The Evolution of Security Threats
Today’s targeted malware attacks are infecting unsuspecting businesses at astonishing rates, rendering traditional antivirus solutions ineffective. In 2007, PandaLabs received more malware than in the previous fifteen years combined. PandaLabs now receives over 3,000 unique suspicious examples of new malware every day, compared with an average of 400 per month prior to 2007.
In addition to the increase in frequency of attacks, the nature of security threats has matured, posing newer and more challenging problems to companies. Reported and known viruses are becoming less important compared to the increase in unknown threats and attacks.
To trace the increased complexity and frequency of threats, it is important to look at the evolution of their creators. Malware creators have gone from being merely curious and seeking notoriety, to looking for personal financial returns and/or forming part of a complex network of business, national, or political interests. In the January 25, 2007 Gartner teleconference “Host-Based Intrusion Prevention Systems (HIPS) Update: Why Antivirus and Personal Firewall Technologies Aren’t Enough1”, the author claims that the objectives started as pure experimentation and are now developing towards information warfare. The frequency of Cyber-crime attacks is forecasted to increase dramatically by 2010. Gartner states, “By year-end 2007, 75% of enterprises will be infected with undetected, financially motivated, targeted malware that evaded their traditional perimeter and host defenses (0.6 probability).”
There are currently four different types of cyber-criminals:
1. Kids (age group 9-16) – Most amateur hackers are teenagers. For this age group, it is a matter of pride to have hacked into a computer system or website using malware or intrusion attacks. This group often commits cyber-crimes without realizing it.
2. Organized hacktivists – These are hackers with a particular motive, including political, social, or religious activism.
3. Disgruntled employees – With the increased independence on computers and the automation of processes, it is now easier for disgruntled employees to bring down entire IT systems, committing cyber-crimes to damage their employers
4. Professional hackers (corporate espionage) – Current use of new technologies in companies has resulted in them storing all their information in electronic form. Some rival organizations contract hackers to steal industrial secrets and other information that could be beneficial to them. Professional hackers apply targeted malware or attacks aimed at a specific company, type of company, individual, etc. These are not massive attacks, as their aim is not to reach as many computers as possible.
Newer Types of Attacks
In addition to changing motivations, the level of knowledge of malware creators has been increasing dramatically. Tools and techniques that were yesterday only in the hands of software experts are now available to those starting out in the ‘profession’, increasing the general skill levels of perpetrators. Some of the newer types of threats used by virus creators in these silent epidemics or targeted attacks include:
- Bot: This term is a contraction of ‘software robot’. This is a program that allows a system to be controlled remotely without either the knowledge or consent of the user.
- Zombie: A zombie is a system (PC) controlled through the use of bots.
- Botnet: A network or group of zombie computers controlled by the owner of the bots. The owner of the botnets sends instructions to the zombies. These commands can include updating the bot, downloading a new threat, displaying advertising, or launching denial of service attacks.
- Bot Herder (or Bot Master): A person or group that controls the botnet.
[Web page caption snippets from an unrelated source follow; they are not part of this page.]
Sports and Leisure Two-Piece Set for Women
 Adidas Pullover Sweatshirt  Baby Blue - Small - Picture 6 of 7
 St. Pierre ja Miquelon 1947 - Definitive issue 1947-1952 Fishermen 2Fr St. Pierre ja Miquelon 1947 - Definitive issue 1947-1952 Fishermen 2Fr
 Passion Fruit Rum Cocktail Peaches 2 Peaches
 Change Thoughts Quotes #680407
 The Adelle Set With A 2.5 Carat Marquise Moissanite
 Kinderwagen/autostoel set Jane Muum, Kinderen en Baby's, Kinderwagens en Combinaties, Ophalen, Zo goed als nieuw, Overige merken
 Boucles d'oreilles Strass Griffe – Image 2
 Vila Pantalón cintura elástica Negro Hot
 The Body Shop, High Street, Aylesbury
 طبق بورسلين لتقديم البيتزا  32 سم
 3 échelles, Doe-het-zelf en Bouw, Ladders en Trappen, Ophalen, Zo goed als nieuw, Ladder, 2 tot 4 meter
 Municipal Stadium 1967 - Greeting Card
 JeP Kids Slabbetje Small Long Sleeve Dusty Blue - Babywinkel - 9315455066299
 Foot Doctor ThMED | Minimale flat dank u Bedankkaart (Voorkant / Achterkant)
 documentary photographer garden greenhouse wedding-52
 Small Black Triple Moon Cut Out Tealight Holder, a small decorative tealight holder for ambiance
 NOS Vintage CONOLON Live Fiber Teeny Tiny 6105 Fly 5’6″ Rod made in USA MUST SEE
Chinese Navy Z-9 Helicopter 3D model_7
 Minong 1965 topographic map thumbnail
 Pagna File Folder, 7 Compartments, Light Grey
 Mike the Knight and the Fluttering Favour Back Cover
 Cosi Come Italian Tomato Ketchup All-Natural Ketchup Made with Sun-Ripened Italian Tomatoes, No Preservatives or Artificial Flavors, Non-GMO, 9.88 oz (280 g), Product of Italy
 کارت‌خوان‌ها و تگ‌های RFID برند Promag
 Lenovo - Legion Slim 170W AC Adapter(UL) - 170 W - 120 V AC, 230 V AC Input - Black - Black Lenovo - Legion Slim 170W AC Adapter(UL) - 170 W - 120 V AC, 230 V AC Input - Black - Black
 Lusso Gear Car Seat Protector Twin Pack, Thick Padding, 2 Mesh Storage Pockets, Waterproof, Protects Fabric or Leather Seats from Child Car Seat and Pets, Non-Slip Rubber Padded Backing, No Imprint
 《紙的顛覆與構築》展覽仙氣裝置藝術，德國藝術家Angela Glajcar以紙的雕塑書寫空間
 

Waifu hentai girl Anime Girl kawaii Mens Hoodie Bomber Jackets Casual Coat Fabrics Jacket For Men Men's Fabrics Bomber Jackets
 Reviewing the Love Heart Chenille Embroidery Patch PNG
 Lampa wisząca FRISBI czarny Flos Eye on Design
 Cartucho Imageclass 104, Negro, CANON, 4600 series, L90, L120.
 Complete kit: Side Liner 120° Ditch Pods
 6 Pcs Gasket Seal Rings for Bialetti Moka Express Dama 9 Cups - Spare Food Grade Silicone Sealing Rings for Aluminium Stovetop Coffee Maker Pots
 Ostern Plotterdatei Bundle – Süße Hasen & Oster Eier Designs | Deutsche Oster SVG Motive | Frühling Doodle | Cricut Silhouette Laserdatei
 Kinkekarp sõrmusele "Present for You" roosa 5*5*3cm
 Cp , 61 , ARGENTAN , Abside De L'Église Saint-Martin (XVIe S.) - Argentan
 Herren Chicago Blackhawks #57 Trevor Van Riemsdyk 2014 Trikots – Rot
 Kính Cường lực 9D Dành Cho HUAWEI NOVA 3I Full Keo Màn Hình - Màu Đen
They are also known as ‘bot masters’ or ‘zombie masters’.
- Rootkit: A collection of tools which in themselves are neither good nor bad. In fact, they are frequently used in perfectly legitimate activities. However, a rootkit can be used with malicious purpose. They are often used to hide other types of threats. There are even examples of rootkits that have been hidden for many years without users’ awareness.
- Spear phishing: This attack uses phishing techniques, but is aimed at a specific target. The creator of this type of attack will never use spam to obtain a massive avalanche of personal user data. The fact that it is targeted and not massive implies careful preparation in order to make it more credible and the use of more sophisticated social engineering techniques.